In [None]:
# Pandas is for data structures
import pandas as pd
# statsmodels contain modules for regression and time series analysis
import statsmodels.api as sm
# statsmodels.formula accepts R-style string formula and no need to add new columns to the dataset.
import statsmodels.formula.api as smf
# numpy is for numerical computing of array and matrix
import numpy as np
# Matplotlib is a plotting package
import matplotlib.pyplot as plt
# matplotlib Showing the plot right after the current code  
%matplotlib inline
# scatter plot matrix
import seaborn as sns
import scipy.stats as stats

In [None]:
def four_in_one(dataframe,model):
    fitted_y = model.fittedvalues
    studentized_residuals = model.get_influence().resid_studentized_internal
    plt.figure(figsize=(10,10))
    ax1 = plt.subplot(221)
    stats.probplot(studentized_residuals, dist="norm", plot=plt)
    ax1.set_title('Normal Q-Q')
    ax1.set_xlabel('Normal Quantiles')
    ax1.set_ylabel('Studentized Residuals');

    ax2 = plt.subplot(222)
    ax2.hist(studentized_residuals)
    ax2.set_xlabel('Studentized Residuals')
    ax2.set_ylabel('Count')
    ax2.set_title('Histogram')

    ax3 = plt.subplot(223)
    t = range(dataframe.shape[0])
    ax3.scatter(t, studentized_residuals)
    ax3.set_xlabel('Observation order')
    ax3.set_ylabel('Residuals')
    ax3.set_title('Time series plot of studentized residuals')

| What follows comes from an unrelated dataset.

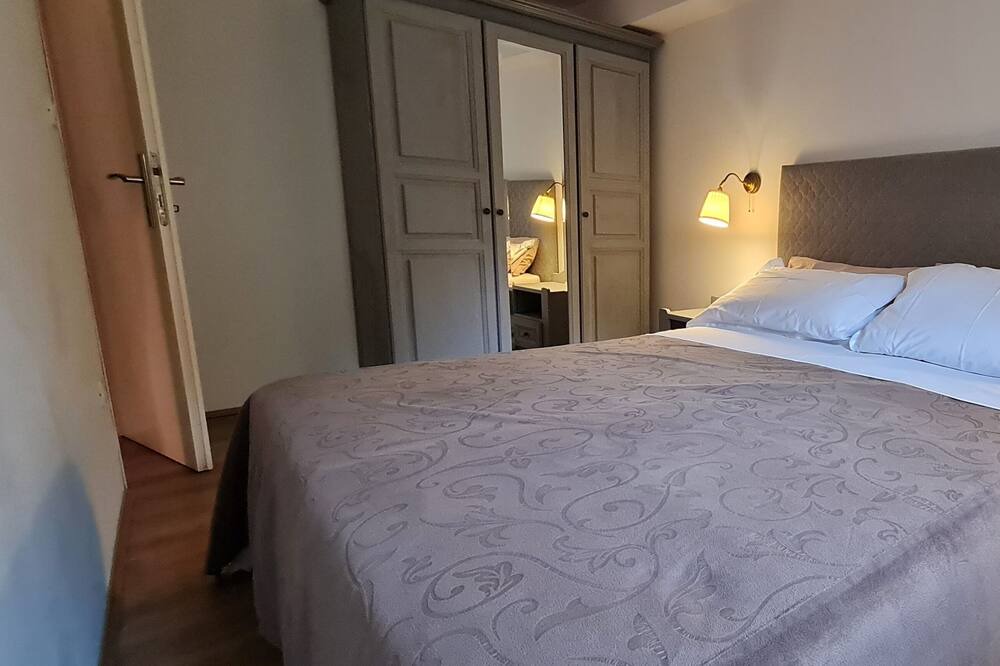 Photo of Bedroom in Spadici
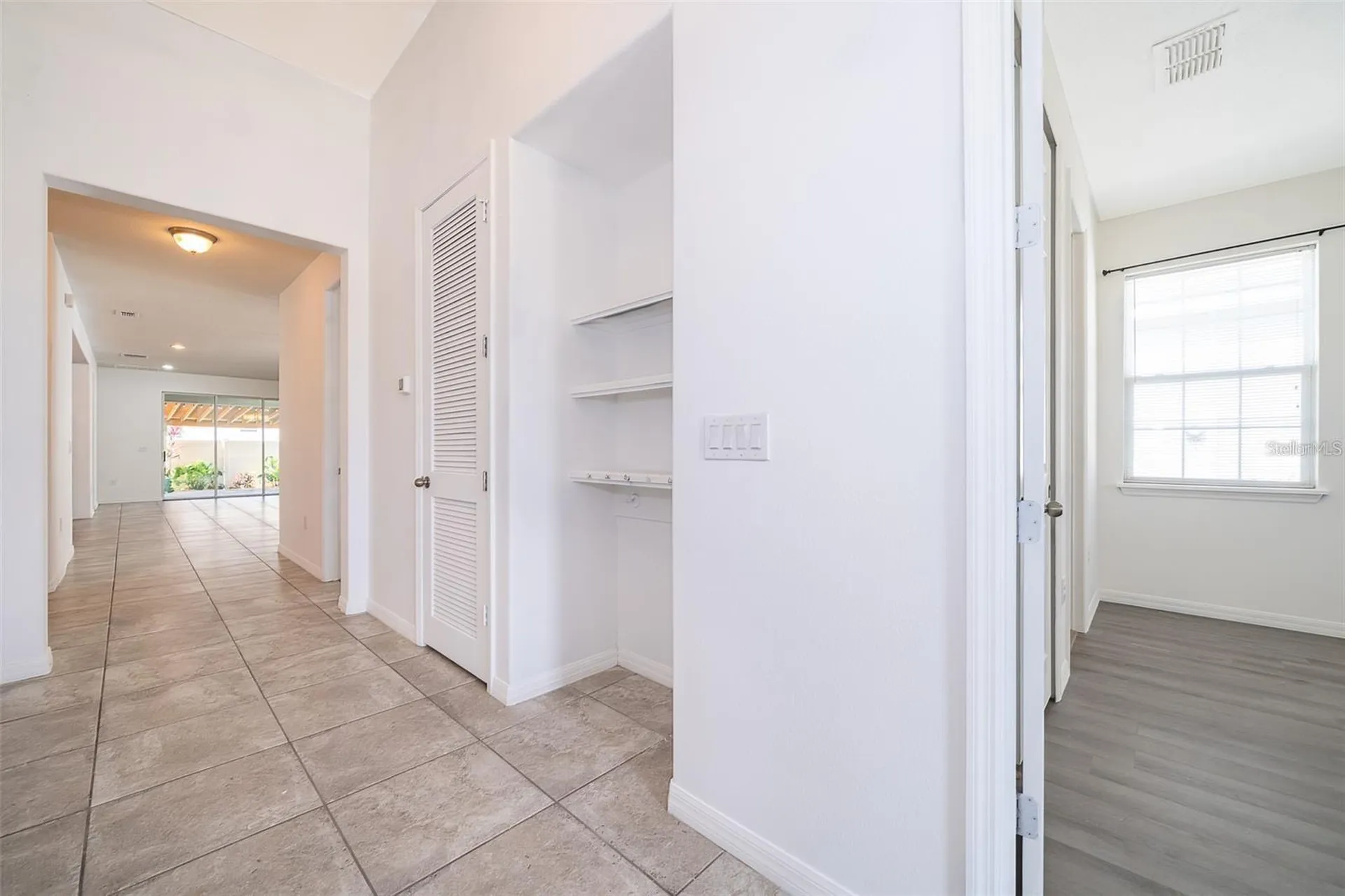 2780 Avian Loop Kissimmee FL 34741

    ax4 = plt.subplot(224)
    ax4 = sns.residplot(fitted_y, studentized_residuals,
                              lowess=True,
                              scatter_kws={'alpha': 0.5},
                              line_kws={'color': 'red', 'lw': 1, 'alpha': 0.8})
    ax4.set_title('Internally Studentized Residuals vs Fitted values')
    ax4.set_xlabel('Fitted values')
    ax4.set_ylabel('Studentized Residuals');

## Q1: Data Cleaning

In [None]:
# Impport data
df = pd.read_excel('pharmacy profit.xlsx')
df.tail()

In [None]:
############## Complete the code below ##############
# Step 1: Drop unwanted data
# Task 1: Drop the 'Location' columns from df
# Command: df.drop(columns="")
# Replace $fill your code$ by the correct coding
df_1 = df.drop(columns=$fill your code$)

# Task 2: Drop the row of data of the new store (last row) from df_1
# Command: df_1.drop(index=)
# Replace $fill your code$ by the correct coding
df_p = df_1.drop(index=$fill your code$)

############## End of your code ##############

N = df_p.shape
print(N)

## Q2: Initial model

In [None]:
# Set up initial model 
# Specify the dependent variable and independent variables
X = df_p.drop(columns="Profit")
Y = df_p['Profit']

# Fit multiple regression model and show summary of fit 
model_fit1 = sm.OLS(Y,sm.add_constant(X)).fit()
print(model_fit1.summary())

## Q2a: Generate four-in-one residual plot

In [None]:
############## Complete the code below ##############
# Task 1: Generate the four-in-one residual plot for initial model
# Command: four_in_one(dataframe, model)
# Replace $fill your code$ by the correct coding
four_in_one($fill your code$)

############## End of your code ##############

## Q2b: Answer (Double-click $here$ to type your answer below):


## Q3a: Model
In this model, you are required to drop the 'Income' predictor from the initial model.

In [None]:
############## Complete the code below ##############
# Reduced model
# Task 1: Drop the 'Income' from predictors.
# Command: df_p.drop(columns="")
# Replace $fill your code$ by the correct coding
# You should drop both "Income" and "Profit" for X_1
X_1 = df_p.drop(columns=$fill your code$)
Y_1 = df_p[$fill your code$]

# Task 2: Bulid up the model
# Command: sm.OLS(Y,sm.add_constant(X)).fit()
# Notice that you need to change the input name of X and Y 
model = sm.OLS(Y,sm.add_constant(X)).fit()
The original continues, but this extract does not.